After a little time to collapse at the hotel, we headed back out on the town, getting food on a stick for dinner and going to the sexy man show. Now, I can appreciate the humor of men dressed in women's clothing as much as the next person, but the sexy man show was just awkward. We felt quite relieved to be sitting in the back row, where we could not be embarrassingly danced on or pulled up as audience volunteers. Also, some mo-rons brought their children along, which was extra awkward. Does your 10-year-old really need to see men dancing around in lingerie? I think not. Anyway, it was a Kenting Experience. Kenting seems to have a lot of Thai influence, so I suppose ladyboys are just one more aspect of that.

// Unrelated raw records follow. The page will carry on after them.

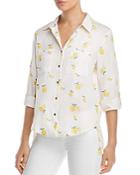 Billy T Lemon-print Button-down Shirt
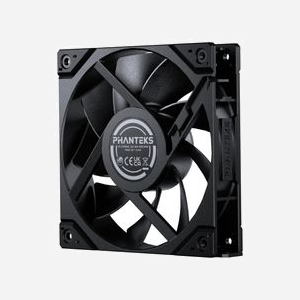 Phanteks M25G2-120 - Ventilateur 120mm pour Boitier PC - 3 Unités - 315-2200 RPM - 72.72 CFM - 2.51 mmH2O - PWM 4-Pin - Noir - Miniature 2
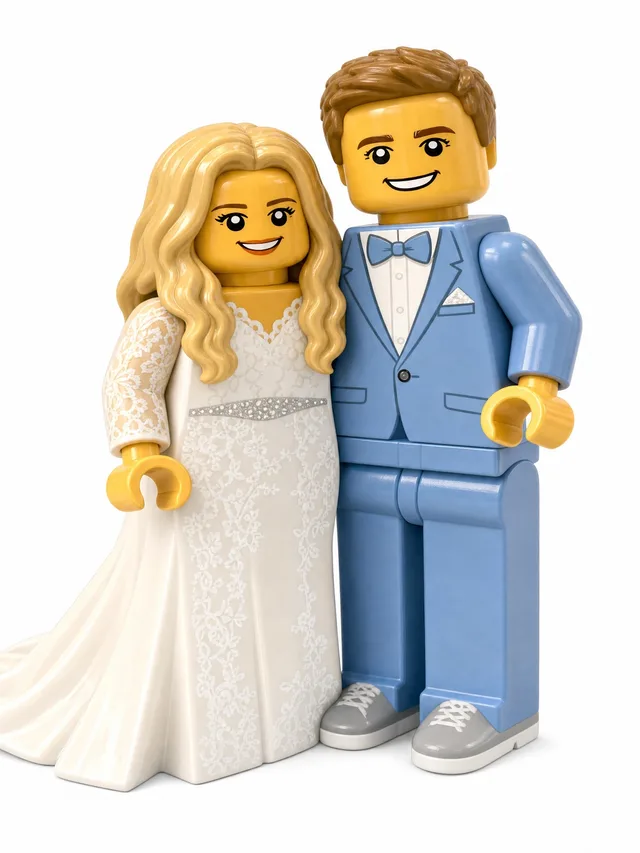 LEGO style.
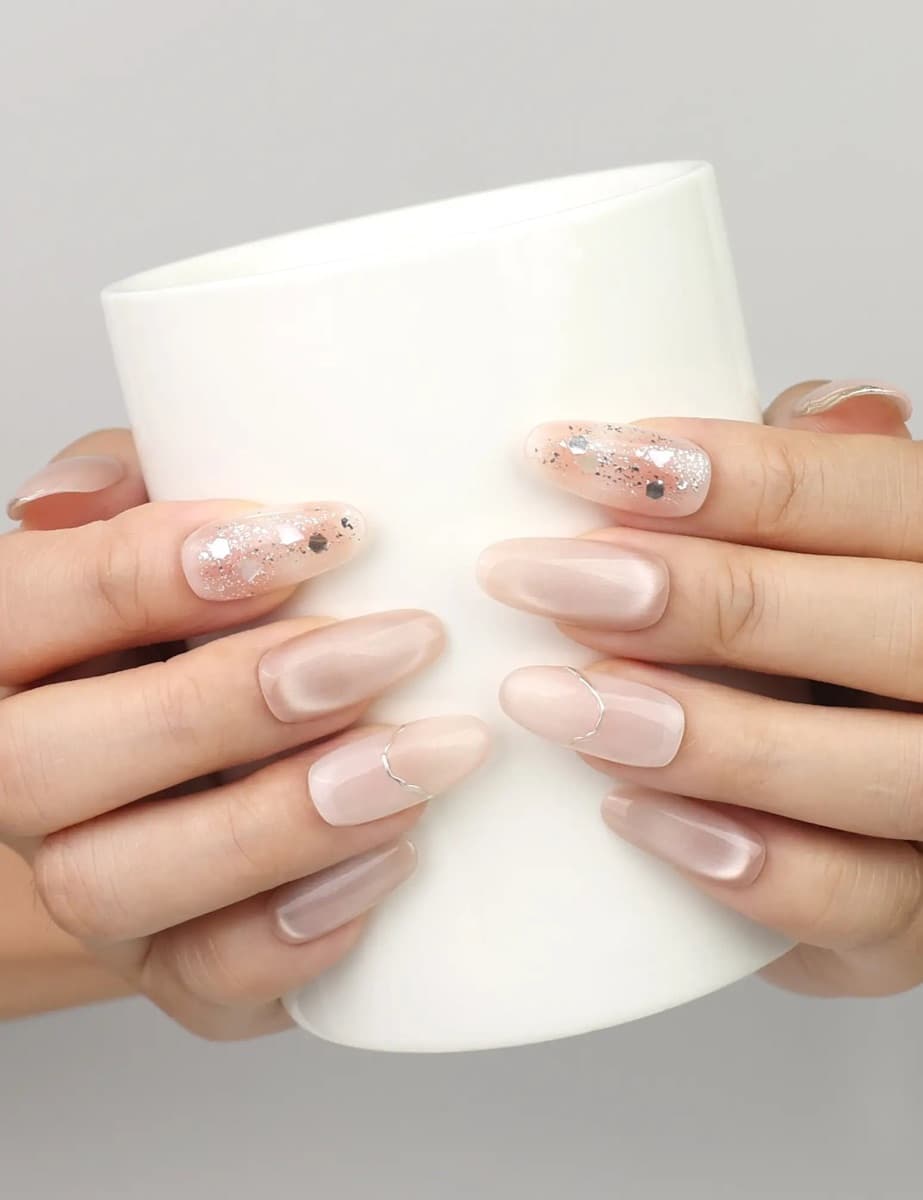 Shimmering Beige Sparkle – image 5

In contrast with the activities of Saturday night, I spent Sunday morning going to church! Once I realized that our Kenting trip coincided with Easter weekend, I got the pastor at Kaohsiung's bilingual church to help me find a church to go to in Kenting. Kenting doesn't have any English-speaking churches, so the one I went to was a teeny little all-Chinese church in Hengchun (setting of Cape No. 7, the biggest movie in Taiwan!). I wrote my name and information down on the registration card, and so during the service they called my name by surprise. I guess I must have looked confused, because the pastor started asking this young guy to translate for me, and there was a lot of confusion, and then finally I piped up in Chinese, "I can speak Chinese!" and everyone clapped! It was cute. I understood the service pretty well, so it was good. I have been picking up a lot of Chinese vocab going to Taiwanese churches, like how to say things like "resurrection." The best part was when the pastor made us, in addition to clapping along to the song, raise our fists and go "huh!" after each phrase. Everybody was having a lot of fun.
We spent the rest of the day driving around and stopping to look at pretty places in Kenting, of which there are many. I was pretty wiped out from all of the boat stuff the day before, so I spent almost all of the time sleeping in the car, only to be prodded out when we arrived at some new scenic spot. We also went to see this natural flame, where a vent of natural gas had been lit, providing a constant small fire in the ground. Apparently people go there to make popcorn, but unfortunately we hadn't brought any.
I was pretty glad to go home at the end because I was soooo tired (my arms were not fully functional for several days), but in general I would count this trip to Kenting as a pretty good one, considering that it did not end with extreme sickness and hospitalization. Yay!